Opinion
Case No. 09-16345-SSM.
November 6, 2009
MEMORANDUM OPINION AND ORDER SUSTAINING OBJECTION TO CLAIM OF EXEMPTIONS
A hearing was held on November 3, 2009, on the objection by Gordon P. Peyton, chapter 7 trustee, to the debtors' claimed exemption of $30,500 in funds withdrawn from the husband's federal Thrift Savings Plan the day prior to the bankruptcy filing. The trustee and the debtors were each represented by counsel. The court ruled from the bench that the objection would be sustained except for approximately $10,882 as to which a valid homestead exemption had been perfected. The purpose of this opinion is to explain more fully, for the benefit of the parties and any reviewing court, the reasons for the ruling.
Background
Richard P. Johnson is a federal employee. His wife, Ssang K. Johnson, is a homemaker. On August 6, 2009, they filed a joint voluntary petition in this court for relief under chapter 7 of the Bankruptcy Code. Among the assets listed on their schedules was $9,500 in a checking account and $18,000 in a savings account at "BB T" (Branch Banking Trust Company). The debtors represent — and the trustee does not dispute — that the money in the two accounts ultimately derives from a $33,563.74 withdrawal from Mr. Johnson's federal Thrift Savings Plan. The withdrawal was initiated, according to the debtors, on or about August 1, 2009, when the account was "cashed out." The funds were then directly deposited into Mr. Johnson's checking account at Pentagon Federal Credit Union on August 5, 2009. Prior to the deposit, the account balance was $1,874.49. That same day, a total $34,918.23 was withdrawn from the account. One of the withdrawals was a cashier's check for $30,918.23, which was deposited into newly-established checking and savings accounts at BB T, with $12,918.23 being deposited in the checking account and $18,000 int the savings account.

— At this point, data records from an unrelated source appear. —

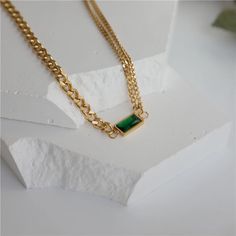 Classy with a touch of emerald. This necklace is perfect for the season giving you a subtle pop of color in your stack. Wear this alone or layer with others! This necklace is made of stainless steel, so waterproof! The color remains perfect. Gold: 18k gold platingMaterial: Stainless steelLength: 38cm + 5cm Waterproof Tarnish Free Hypoallergenic Glazd Pouch with every order Free US shipping Easy Exchange & Return policy PRODUCT INFOAll our jewelry are made of stainless steel material. For the gol Elegant Green Stainless Steel Necklace, Green Minimalist Tarnish-resistant Necklace, Everyday Green Chain Necklace, Green Minimalist Chain Necklace With Adjustable Chain, Green Chain Necklace With Adjustable Chain, Everyday Green Adjustable Chain Necklace, Stainless Steel Chain Necklace, Emerald Necklace, Gold Piece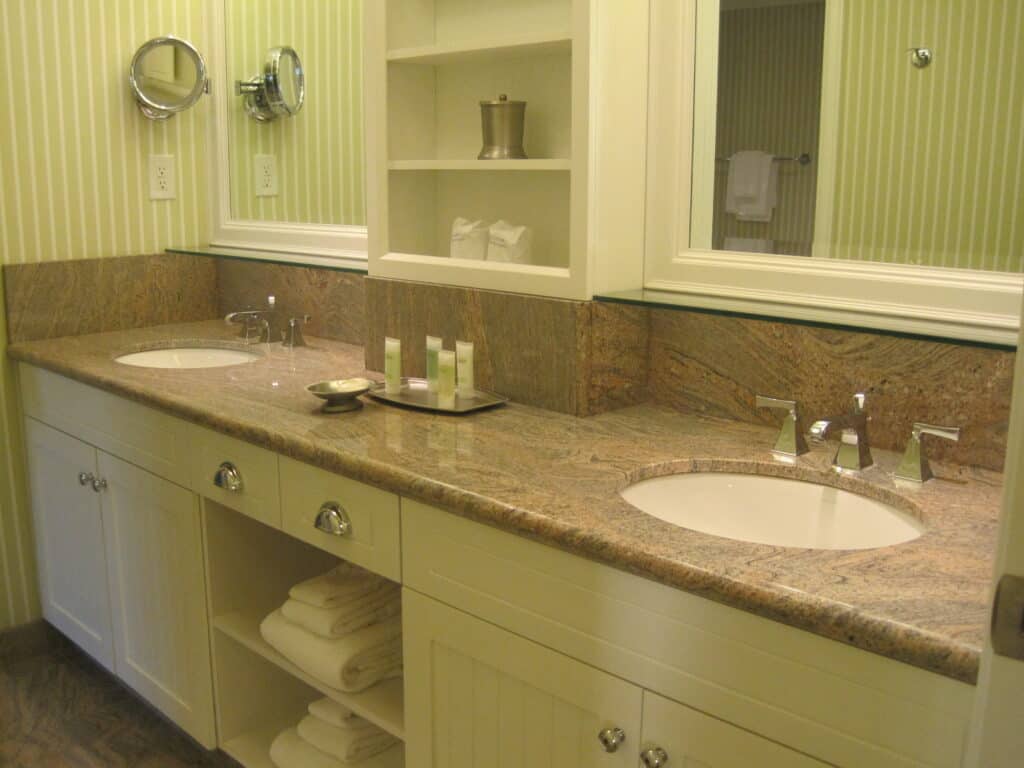 Rosseau Muskoka - large bathroom vanity countertop with two large mirrors, two sinks, cupboards, drawers and bathroom products on countertop - green striped wallpaper.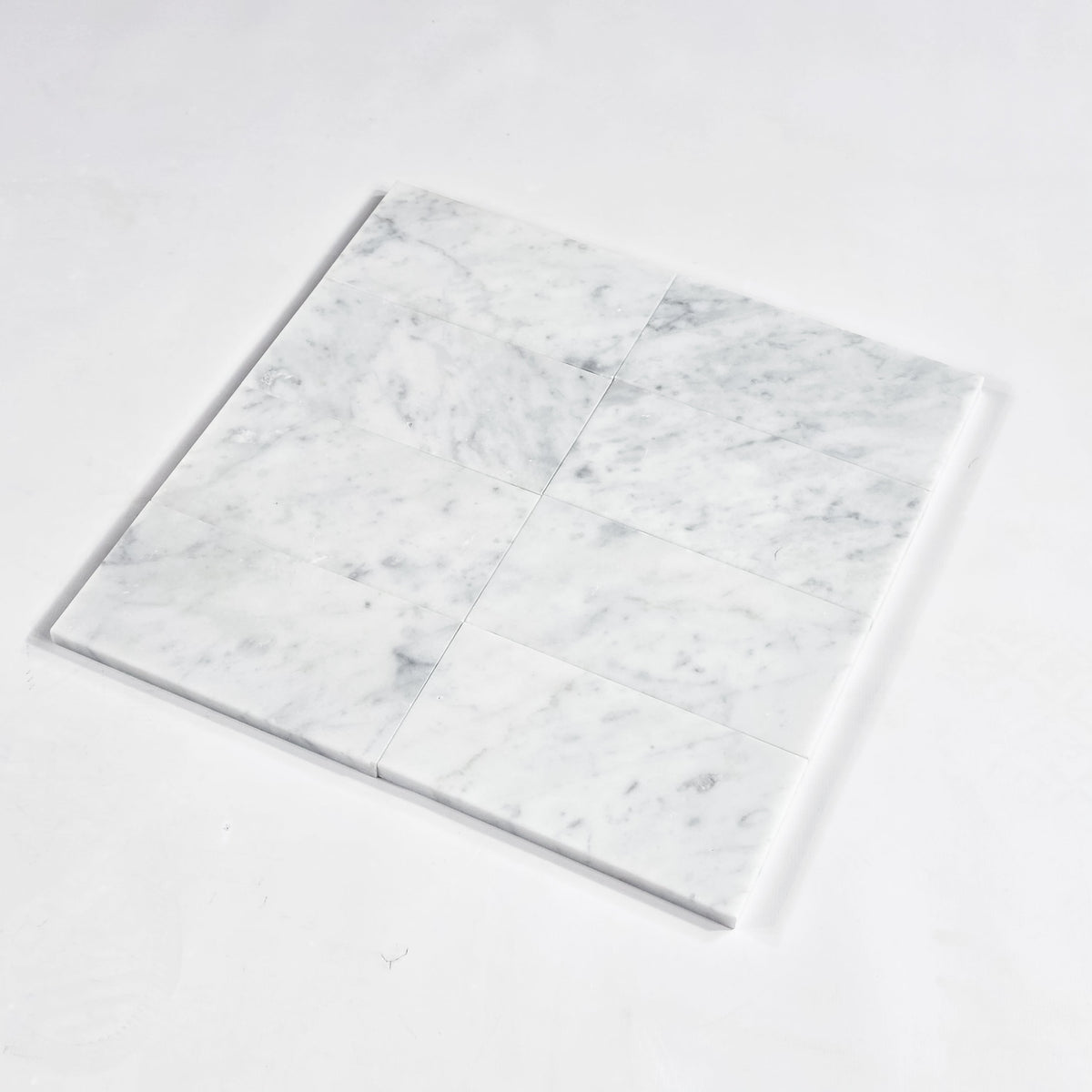 Elon Tile Bianco Carrara Field Tile tile arrangement — available at Surface Group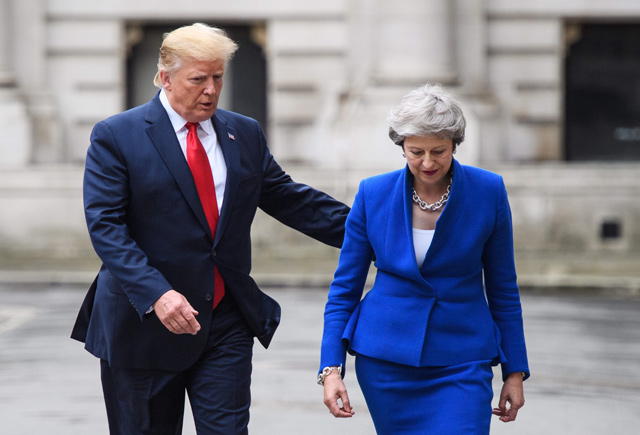 Britain's Prime Minister Theresa May (right) and US President Donald Trump walk through the Quadrangle of the Foreign and Commonwealth Office for a joint press conference in central London on Tuesday on the second day of the US president's state visit  (AFP photo)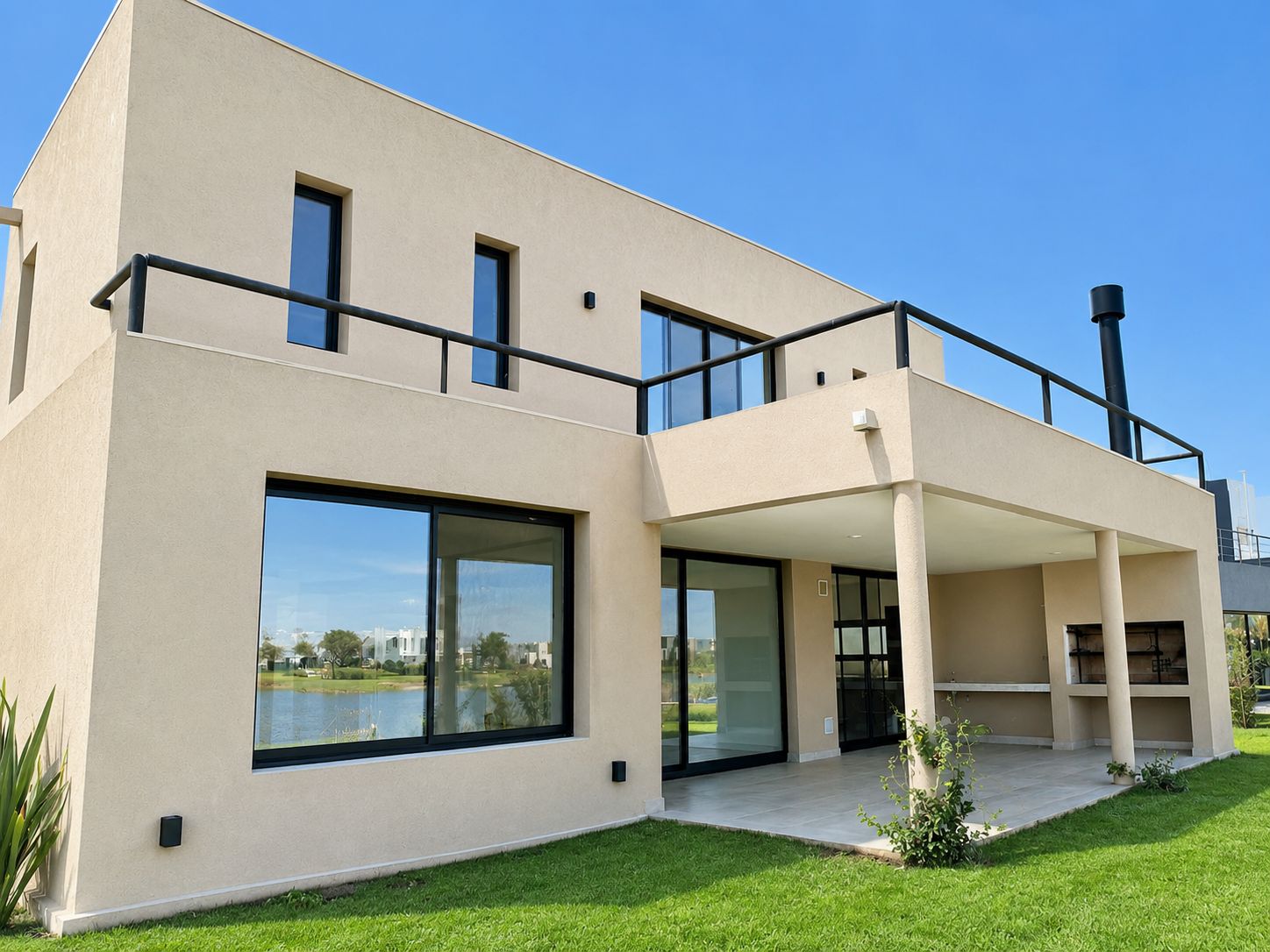 Vivienda con vista a la laguna en Barrio Santa Bárbara, Benavidez, construida por NEST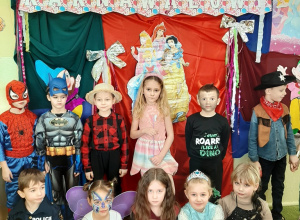 Dzieci przebrane za postacie z bajek pozują na tle karnawałowej, kolorowej dekoracji.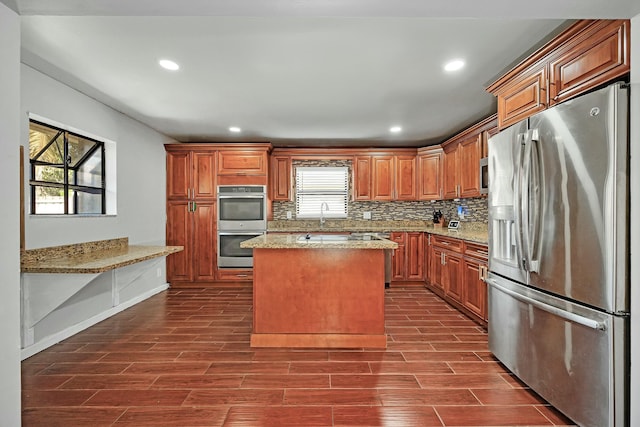 kitchen featuring appliances with stainless steel finishes, a kitchen island, decorative backsplash, and wood tiled floor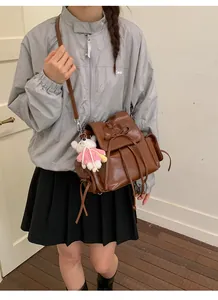 Brown faux leather backpack with bow detail and cute teddy bear charm on straps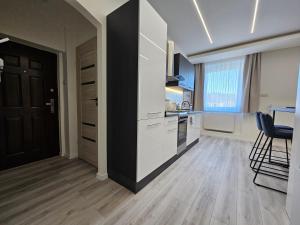 a kitchen with white cabinets and a black door at Barcika Prémium Stúdió in Kazincbarcika +15 photos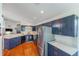Modern kitchen with stainless steel appliances and dark blue cabinetry at 4353 Dinner Lake Dr, Lake Wales, FL 33859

The checking account had been opened the day before with an initial deposit of $50.00. The savings account was opened the day of the deposit. The combined balance of the two accounts on the date the petition was filed was $30,968.23.
On their schedules, the debtors claimed an exemption under the Virginia homestead exemption for the entirety of what was represented to be $9,500 in the BB T checking account and $906.97 of the $18,000 in the BB T savings account. On September 10, 2009, the day prior to the meeting of creditors, the debtors recorded a homestead deed claiming $9,500 in the checking account and $881.97 in the savings account as exempt. The following day, the debtors filed amended schedules that (1) increased the amount in the checking account to $12,500, and (2) claimed both the checking and savings account "100%" exempt under 11 U.S.C. § 541(c)(2) and the Virginia homestead exemption. The present objection followed.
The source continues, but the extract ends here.